Professors John Mearsheimer and Stephen Walt were in Los Angeles last month, speaking to an overflow crowd of more than 300 people at the Armand Hammer Museum – part of a speaking tour with appearances at World Affairs Councils in San Francisco, Dallas and Washington, D.C., the City Club in Cleveland, forums at the University of Chicago, MIT and Columbia University, the Cambridge Forum in Harvard Square, and media slots on NPR, the Colbert Report, and WTTW-TV in Chicago.
In the Q&A portion of the Hammer Museum program, Rabbi Leonard Beerman, founding rabbi of Leo Baeck Temple in Los Angeles, praised Walt and Mearsheimer for their “admirable” efforts to raise a subject about which (he said) it “is virtually impossible to have a rational discussion” in America (except, one assumes, in Los Angeles, San Francisco, Dallas, Washington, D.C., Cleveland, Chicago, Boston, Cambridge and New York, on television and radio, and in best-selling books).
Then he asked them a question about the Israeli “New Historians”:
Are you absolutely certain that what you’ve said about the New Historians is indeed so? My reading, for example, of their work first of all suggests that Benny Morris has turned completely around . . . but, secondly, they have not said that Israel drove the Palestinians out of Palestine, Mandatory Palestine, in that war – which I myself participated in, incidentally – but that that was one of the factors that led to the creation of some seven or eight hundred thousand refugees; that many of them, maybe even most of them, fled – as I certainly would have fled – simply out of fear . . .
Professor Mearsheimer thanked Rabbi Beerman for his introductory remarks and answered his question as follows:
With regard to the New History . . . I think there is no question that Benny Morris’s personal politics have become more hard line in recent years and he doesn’t look like the same Benny Morris of the 1990s, but he has not renounced his scholarship. He has not renounced what he wrote in 1980 and 1990.
Actually, the book people should look at is Shlomo Ben-Ami’s book, Scars of War, which I think has an excellent capsule summary of where the conventional wisdom of Israel is on the subject, and I think Ben-Ami’s views are consistent in large part with Morris’ views and Morris’s views are consistent with our views. I think we are basically parroting the conventional wisdom.
The answer is a small case study of Walt & Mearsheimer’s scholarly methods.
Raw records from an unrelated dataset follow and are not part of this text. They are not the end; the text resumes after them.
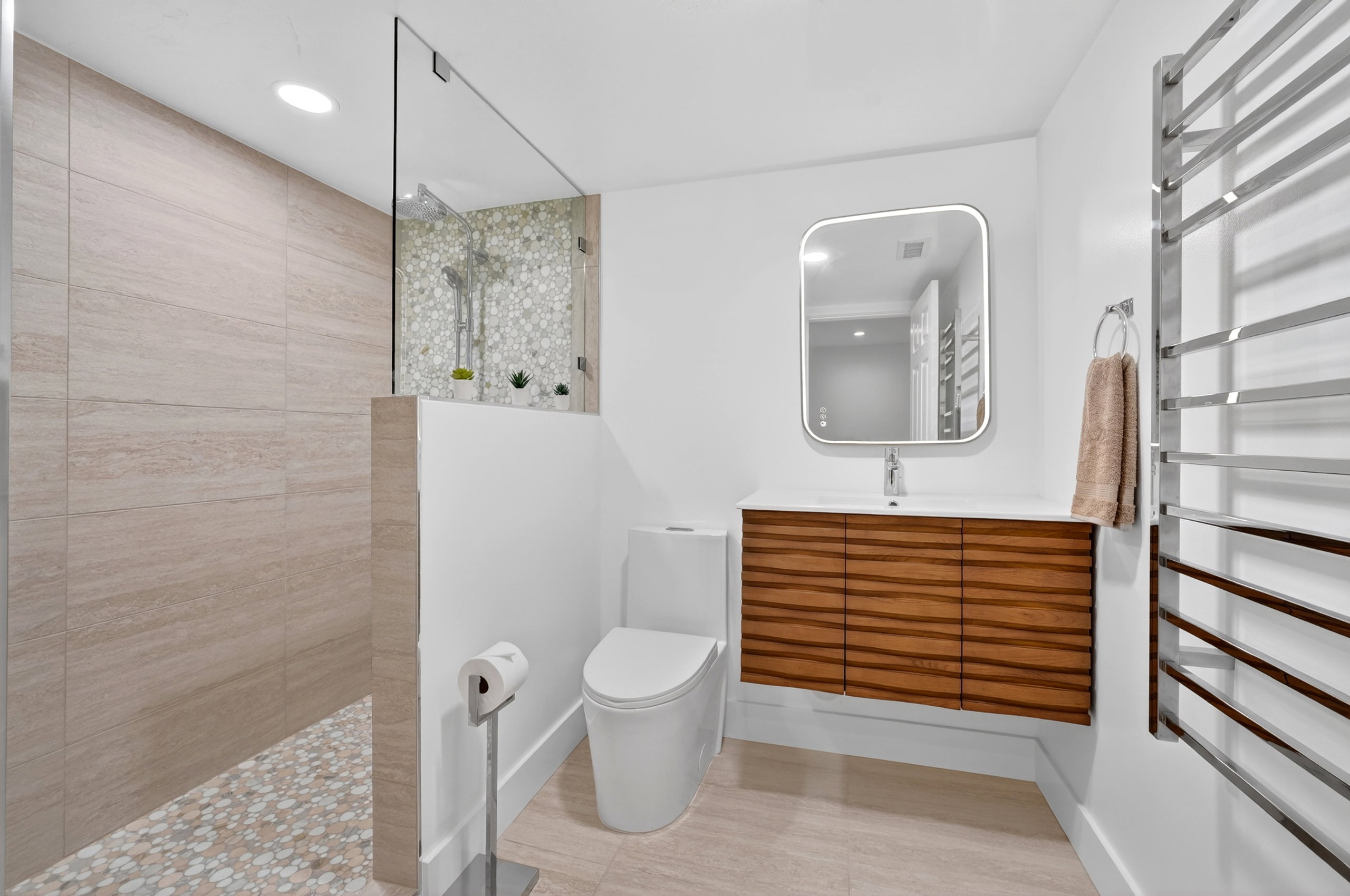 Contemporary bathroom featuring a floating wood-grain vanity with integrated sink, a rectangular illuminated mirror, and a sleek wall-mounted toilet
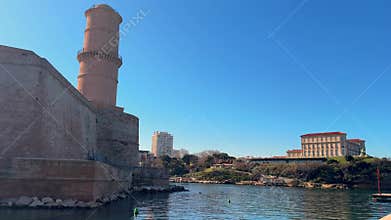 Fort Saint Jean lighthouse and Palais du Pharo across the water in Marseille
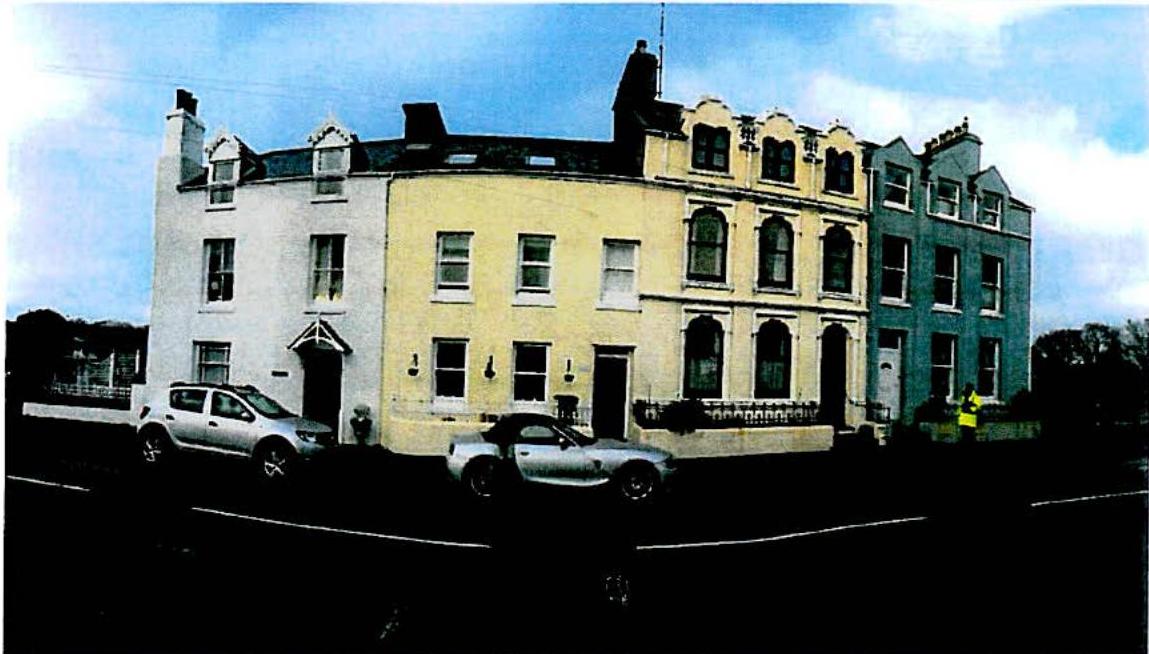 A street-level photograph showing a row of terraced buildings, including a central cream-colored house and adjacent white and blue structures, with cars parked on the street.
Benny Morris published two books relating to the origin of the Palestinian refugee problem: one in 1988 titled The Birth of the Palestinian Refugee Problem, 1947-1949 and one in 2004 titled The Birth of the Palestinian Refugee Problem Revisited.
The 1988 book, in Morris’s description, “undermined both the official Zionist and the traditional Arab narratives”:
The documents showed that the 700,000 or so Arabs who had fled or been driven from their homes in the area that became the state of Israel in 1948-49 had not done so, by and large, on orders from or at the behest of Palestinian or outside Arab leaders, as Israelis were educated to believe; but, at the same time, they had not been expelled by the Israelis in compliance with a preset master plan or in line with a systematic policy, as the Arabs, in their demonization of Israel, have been taught. [Emphasis added]
Even in 1988, Morris understood that the picture was a complex one – one in which fear, orders from Arab commanders, economic conditions, and general chaos all played a prominent role, as well as the impact of conquering troops. According to Morris:
The picture that emerged [in the 1988 book] was a complex one – of frightened communities fleeing their homes at the first whiff of grapeshot, as they or neighboring villages were attacked; of communities expelled by conquering Israeli troops; of villagers ordered by Arab commanders to send away women, children and the old to safety in inland areas; and of economic privation, unemployment and general chaos as the British mandate government wound down and allowed the two native communities to slug it out. [Emphasis added]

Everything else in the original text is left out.